Thursday, August 5, 2021

Bupkis

 It has been quite a wild ride here.  Everything has been quite the wild ride.

I have been talking to people about the trip cancellation and their responses, by and large, validate why it is that we need to talk to people.  We introverts - we introverted alcoholics - cannot be trusted to be left alone with our brains.  I don't know what's going on up there, that's for sure.  It's a crappy neighborhood.

In my enfeebled state I've been picking up the pace on phone calls to my Alcoholics Anonymous friends.  When told of my plans to cancel our trip the response has been uniformly positive; as in "I'm glad to hear that" or "You're doing the right thing" or "I wondered if/when this was going to happen." 
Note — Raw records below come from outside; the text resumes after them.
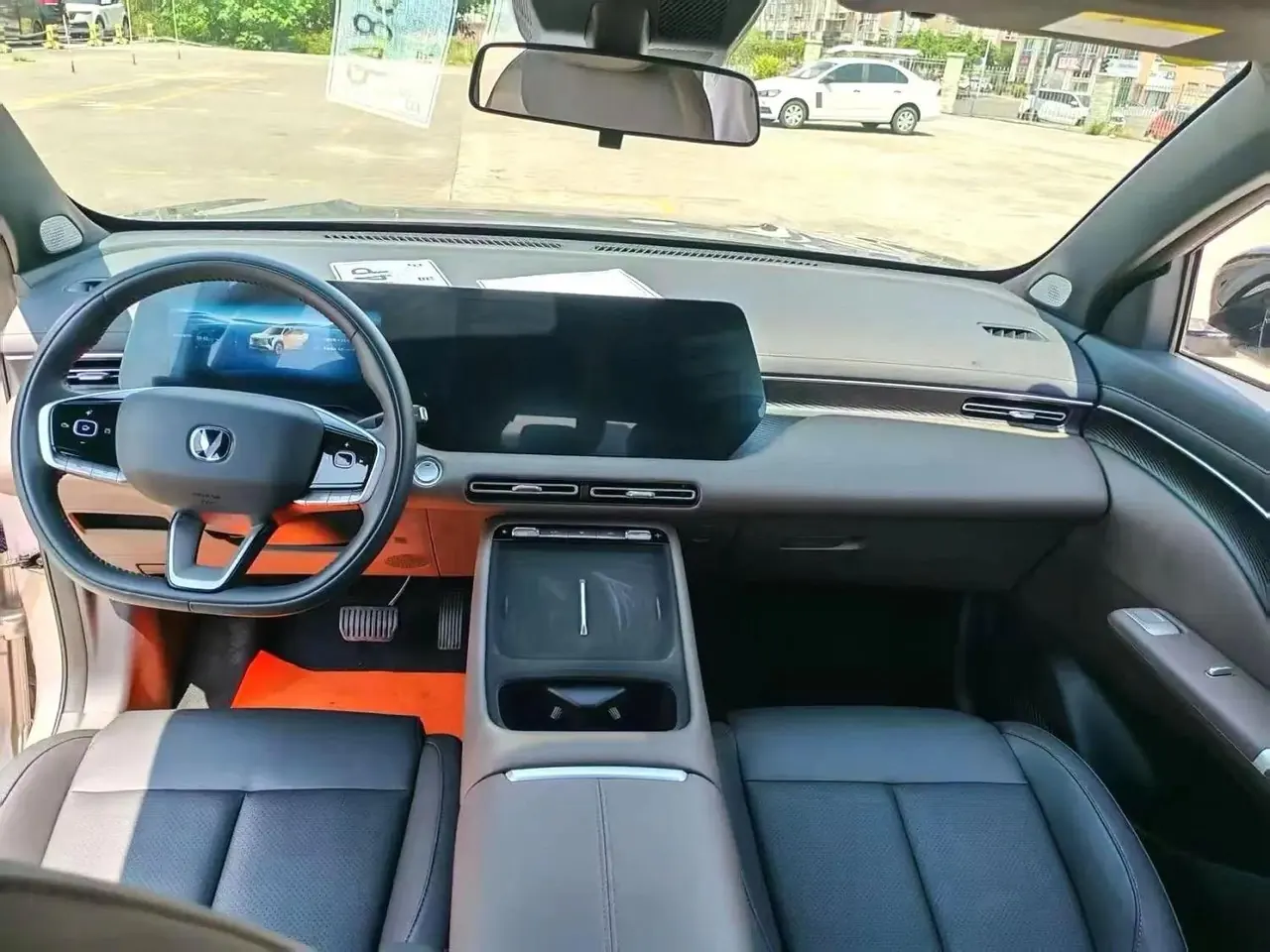 ChangAn 2026 CS55 PLUS 1.5T New Blue Whale Tianzhu Prestige Automatic 3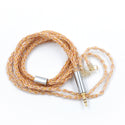 KZ - 8 Core Gold Silver Upgrade Cable For IEM - 3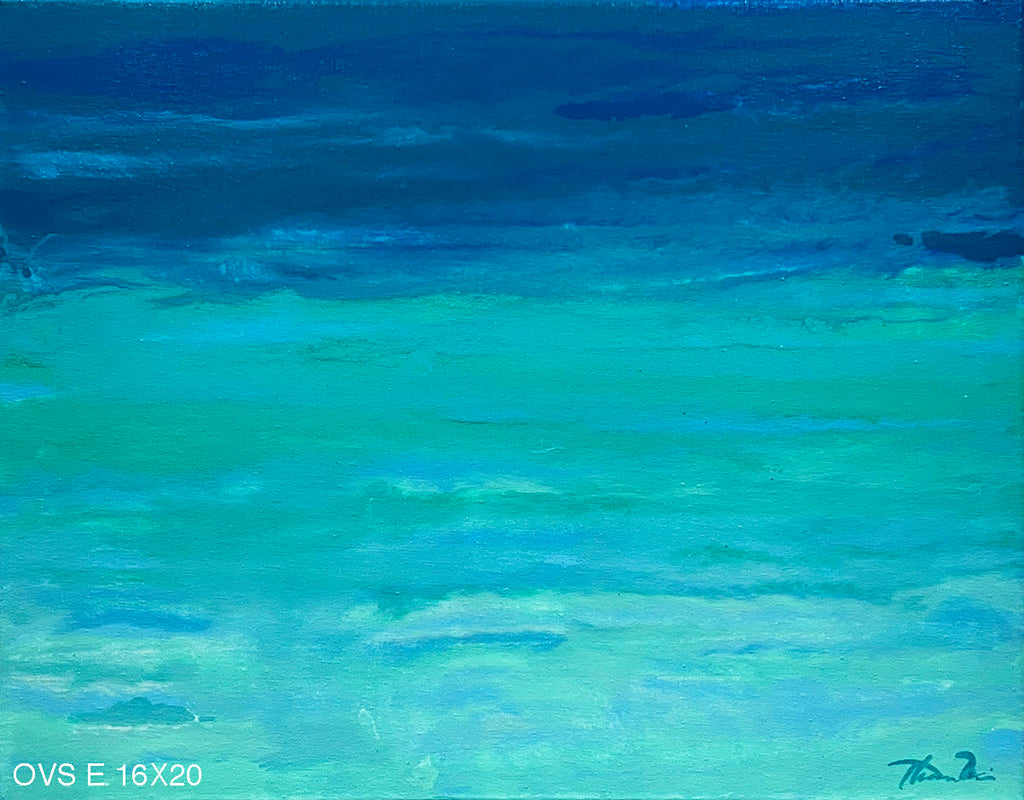 Ocean View Series E 20x16 Painting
"The serenity to accept the things I cannot change."  Makes me laugh at all my efforts over the last few days to make this happen.  I pushed and I pushed and I fingaled and compromised and tried to find wormholes to squirrel through to get my way and . . . pfft! . . . bupkis.  Now, in my defense, it is not a problem to keep after something - the problem is when you can't find a way through and up and over but you still insist on forcing the issue.   When I was laboring over the computer last night, frustrated and tense, it was as if a giant spotlight flicked on: "Huh.  I don't think I'm supposed to do this."  Like it was some giant revelation.  Like I was at my tenth baseball game when I hate baseball (not really - I love baseball), complaining that it wasn't a football game, when the realization came that I should stop going to the baseball stadium.  No amount of work or compromise could change this fact.